Absolutely. It helps, though, to be a little context sensitive.

If you've just come from an amazing presentation and want to talk about it to someone else, then "did you just hear that great talk by/about X?" is a good way to start the conversation, better than just "Hello" or "Great conference, eh?"

If you know who the person is (they're speaking, you recognize them, etc), then greeting them ("Hi Kate," or "good morning, Dr. Gregory," according to your industry norms) and introducing yourself with context ("I'm Susan, I really enjoyed your book") is a fine first sentence but please, have a second sentence ready. After the person says "thankyou, that's very kind," what will happen next? A question is good here - perhaps there's something you've always wanted to ask - or you could go back to your opener for a complete stranger, "did you just hear that great talk by/about X?"

Never open with something negative - "were you in that stinker of a session? Wasn't it the most boring thing ever?" - is right up there with the friend of mine who asked someone at a wedding "who is that obnoxious fat woman in the flowered dress and why is she even here?" only to be told "that's my mother."

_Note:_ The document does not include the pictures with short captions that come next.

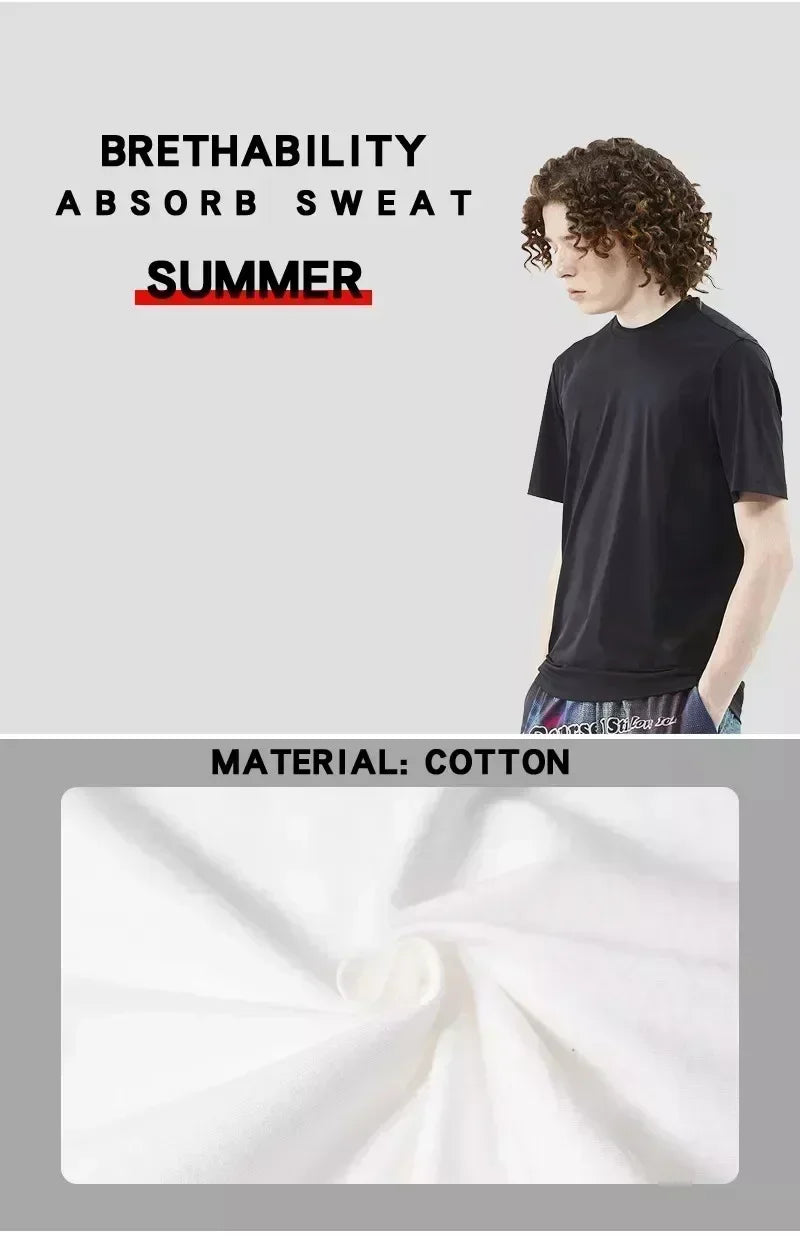 Washed Vintage American Men's And Women's Summer T-Shirts Cotton Crew Neck Breathable Comfortable  Tops For Daily Wearing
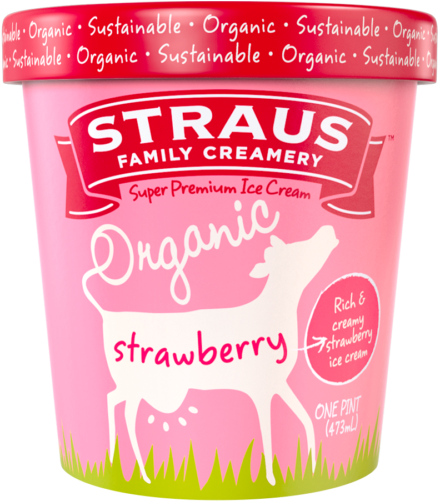 Organic Strawberry Ice Cream - Strauss Ice Cream (500x500), Png Download
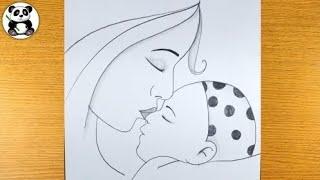 Mother’s day pencil drawing | baby drawing ​⁠@TaposhiartsAcademy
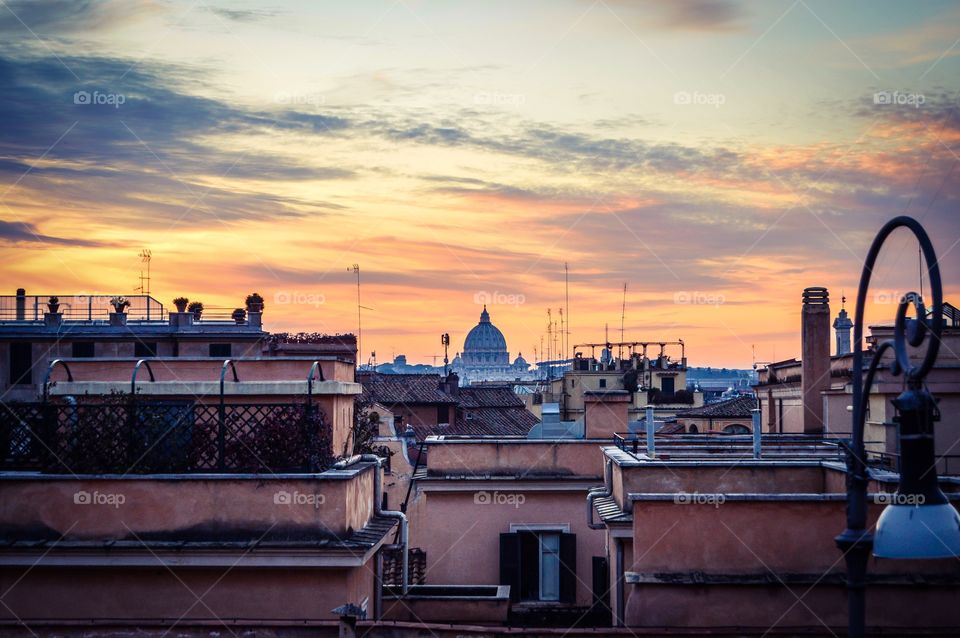 View of city at sunset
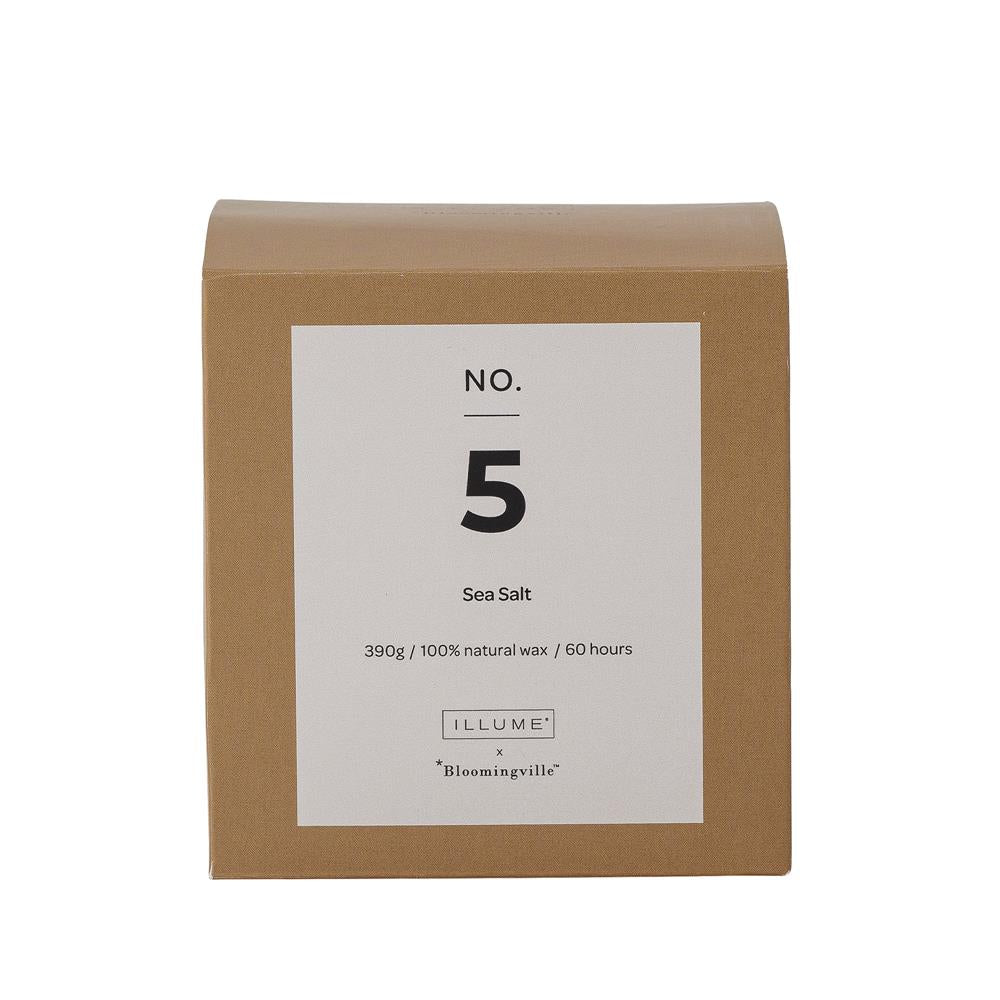 Bloomingville NO. 5 - Sea Salt Duftkerze, Braun, aus natürlichem Wachs, 390g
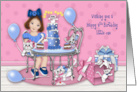9th Birthday for a Young Girl Party with Kittens and a Puppy card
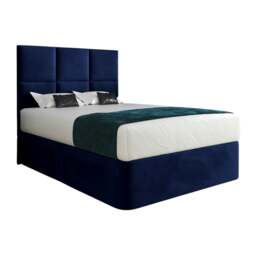 Rackhams Caprio Upholserted Floorstanding Headboard With Divan Bed Frame - Blue - Silver - Super king - thumbnail 6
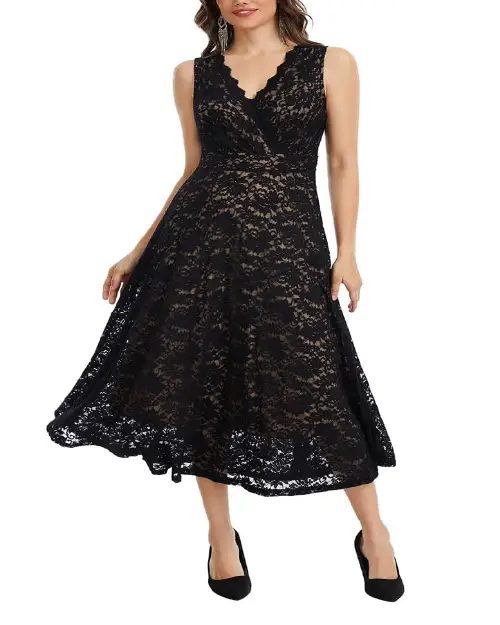 Black V-neck midi cocktail dress with all-over floral lace patterning and a flowing hem.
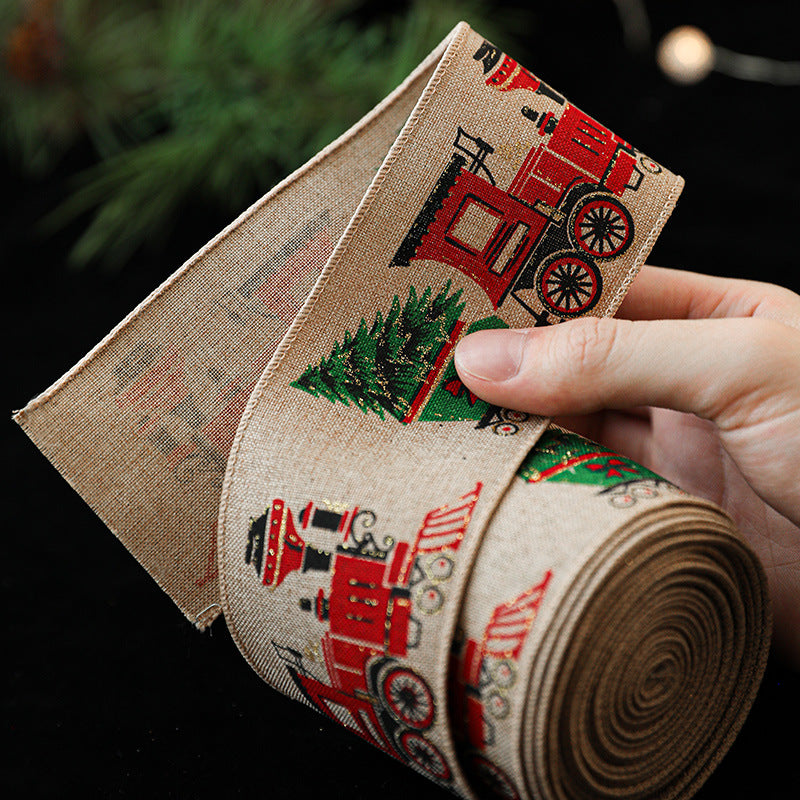 Christmas ribbon imitation linen ribbon decoration bow accessories snowflake Christmas ribbon in stock - V.I.P Digital Presence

My biggest problem with conference conversations is when someone wants to have a conversation with me but doesn't actually have anything to say. That puts all the conversational effort on me and it's hard work. Should you find yourself in this situation, have a selection of questions you can ask:

  • is this your first time at [this conference]? (don't ask an industry luminary, or a speaker, this question)
  • are you enjoying the conference so far?
  • what is your favourite talk so far? (not good the morning of Day 1)
  • is there a particular session you're really looking forward to?

It's a little trickier to ask questions outside the scope of the conference, like "where are you from" or "where do you work?" because they often contain assumptions - you might assume someone is a student who has graduated, or is a prof when they aren't yet, or is in a lab when they are not, and it's possible to offend someone. So don't lead off with these. Often, stating your own circumstances is a way to prompt the other person to respond in kind: "I flew here from just outside Toronto. You?" or "I'm doing/finishing a Ph.D/postdoc/intership at ABC. You?" though again be careful if the person thinks you should know this thing about them, or if it's on their badge. You usually want to get a paragraph or two into conversation before discussing "real life" rather than the conference.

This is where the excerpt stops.